[Exercise input — start]

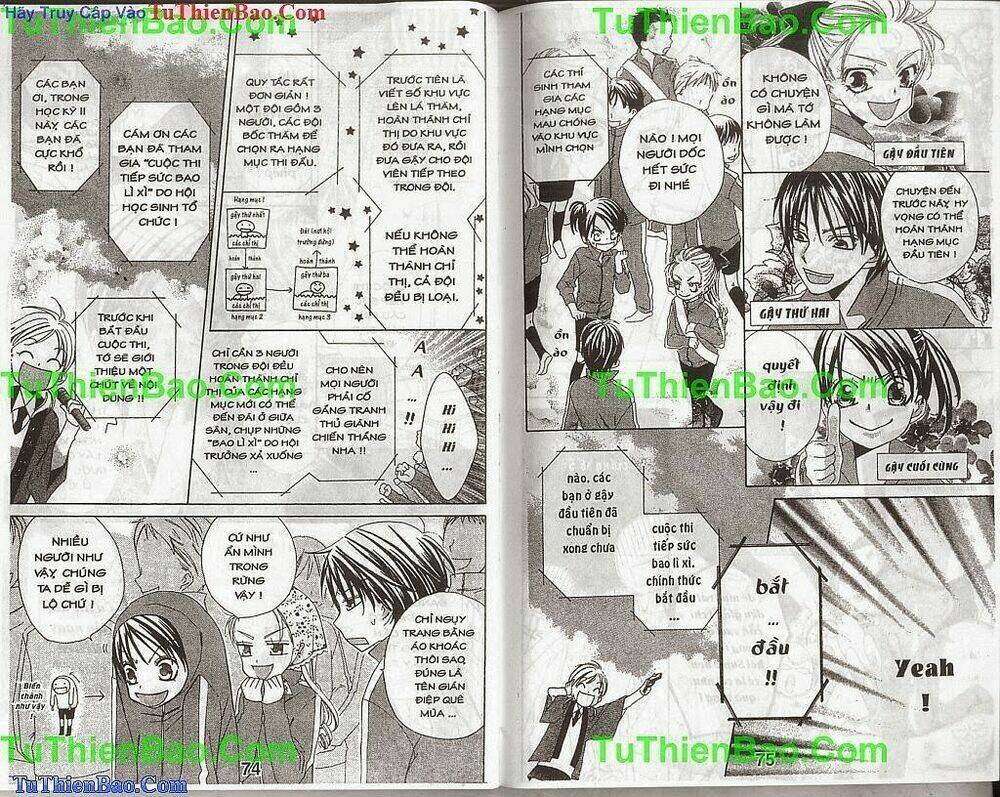 cô bạn thiên kim chapter 2 40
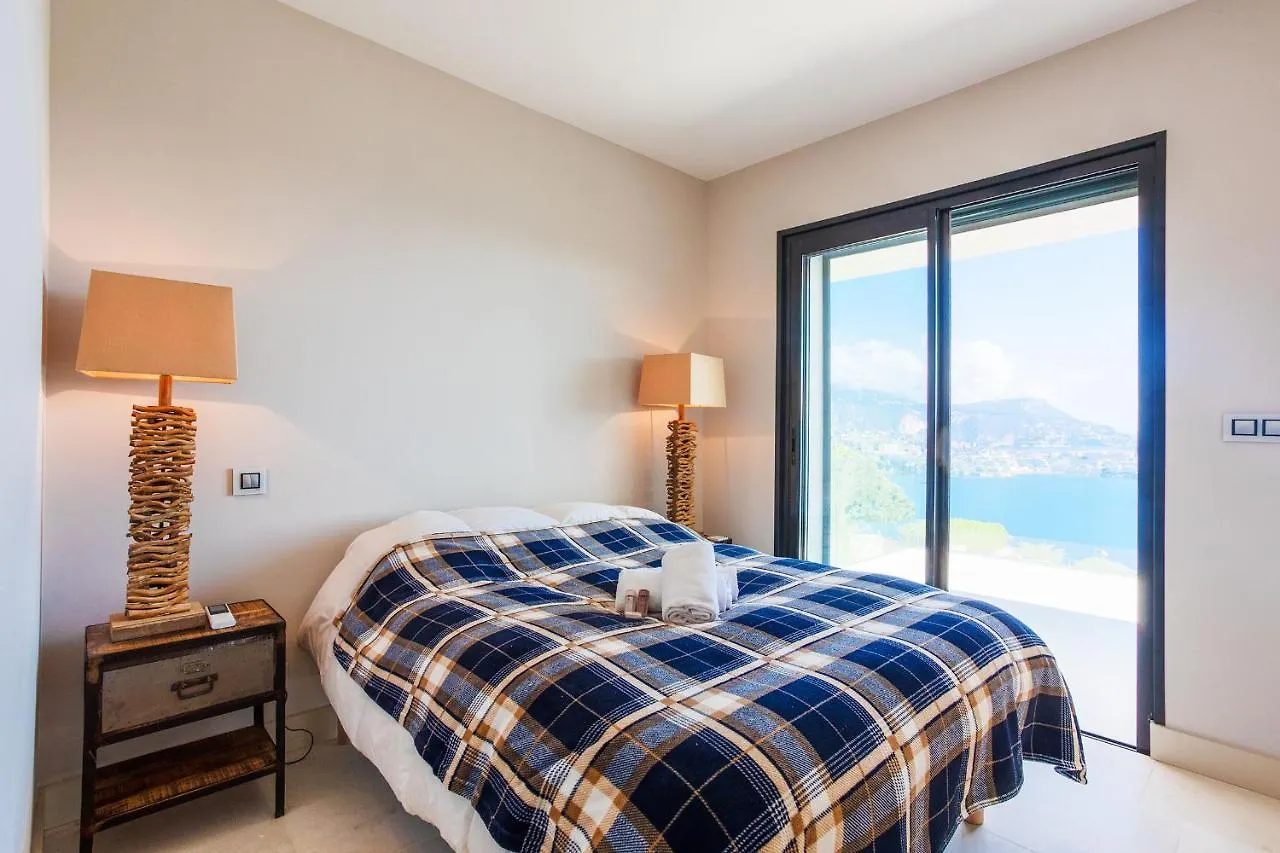 Villa Hesperides Vi4337 By Riviera Holiday Homes Nice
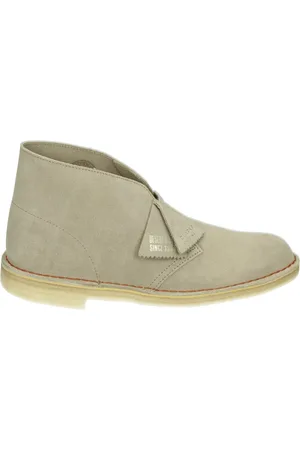 Clarks DESERT BOOT - Vrije tijd half-hoogHeren veterschoenHeren sneakers - Kleur:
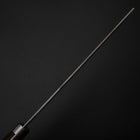 Nakiri SLD Polished Western Handle 165mm-[Musashi]-[Japanese-Kitchen-Knives]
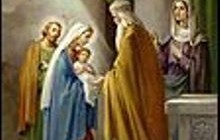 У християн сьогодні свято - Стрітення Господнє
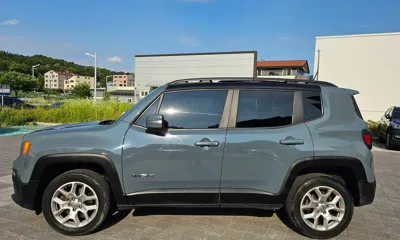Jeep Renegade 2017, 127184 км, за 4527.69 USD - фото 8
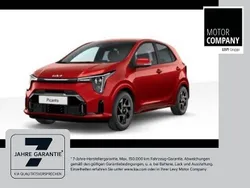 Signalrot metallic Neu 2025 Kia Picanto Vision Kleinwagen | 18.544 € (Fairer Preis)
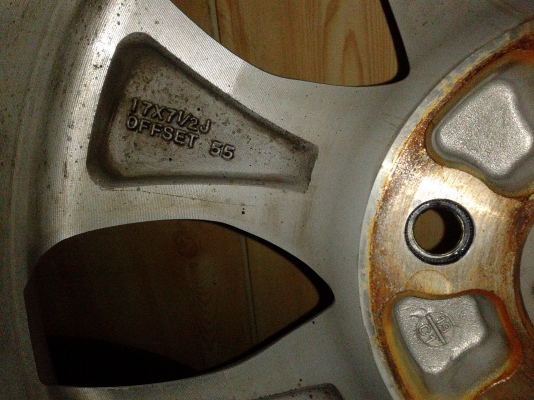 ล้อแม็กพร้อมยาง225-50-17R HONDA ACCORD ล้อแม็กพร้อมยาง225-50-17R HONDA ACCORD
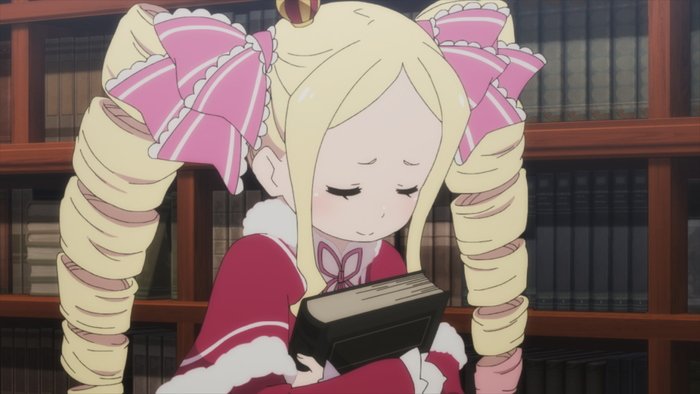 写真・画像】アニメ「リゼロ」ベアトリスとは?声優や名セリフを 写真・画像】アニメ「リゼロ」ベアトリスとは?声優や名セリフを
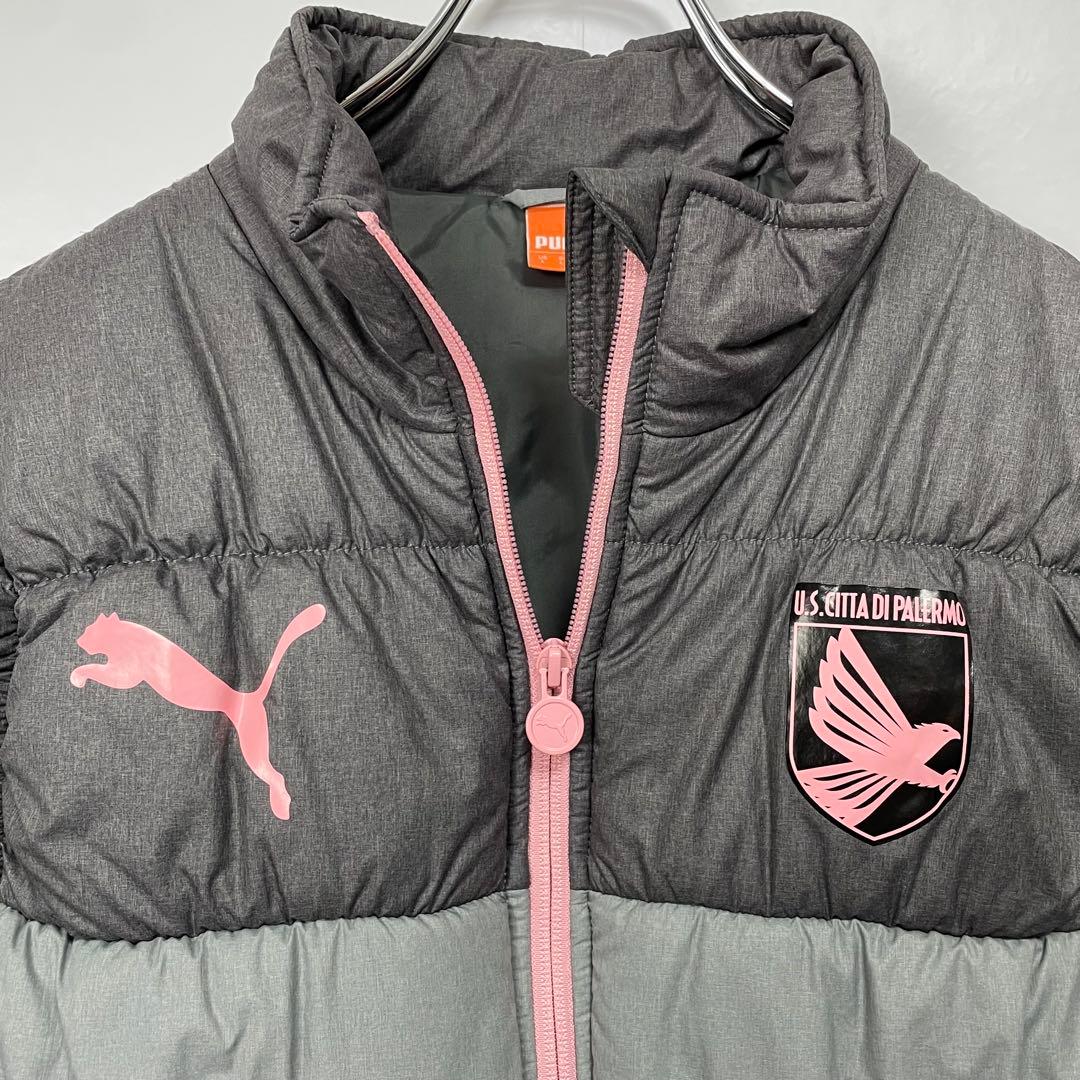 プーマ　パレルモFC ダウンベスト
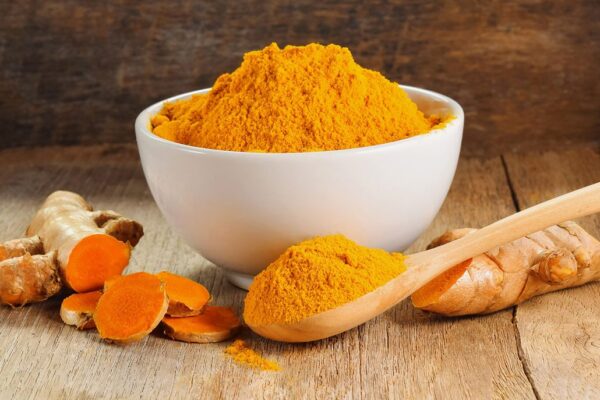 Pack of 6 Pure Haldi / turmeric powder 100grm. (600grm) - Image 3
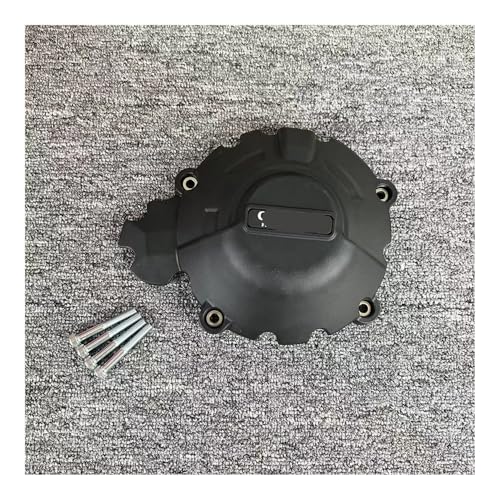 Moteur protection couvercle en fibre de carbone pour Speed Triple 1050 RS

[Exercise input — finish]

### Exercise
Copy all of the data above exactly. Leave out every picture.

### Solution
 cô bạn thiên kim chapter 2 40
 Villa Hesperides Vi4337 By Riviera Holiday Homes Nice
 Clarks DESERT BOOT - Vrije tijd half-hoogHeren veterschoenHeren sneakers - Kleur:
 Nakiri SLD Polished Western Handle 165mm-[Musashi]-[Japanese-Kitchen-Knives]
 У християн сьогодні свято - Стрітення Господнє
Jeep Renegade 2017, 127184 км, за 4527.69 USD - фото 8
 Signalrot metallic Neu 2025 Kia Picanto Vision Kleinwagen | 18.544 € (Fairer Preis)
 ล้อแม็กพร้อมยาง225-50-17R HONDA ACCORD ล้อแม็กพร้อมยาง225-50-17R HONDA ACCORD
 写真・画像】アニメ「リゼロ」ベアトリスとは?声優や名セリフを 写真・画像】アニメ「リゼロ」ベアトリスとは?声優や名セリフを
 プーマ　パレルモFC ダウンベスト
 Pack of 6 Pure Haldi / turmeric powder 100grm. (600grm) - Image 3
 Moteur protection couvercle en fibre de carbone pour Speed Triple 1050 RS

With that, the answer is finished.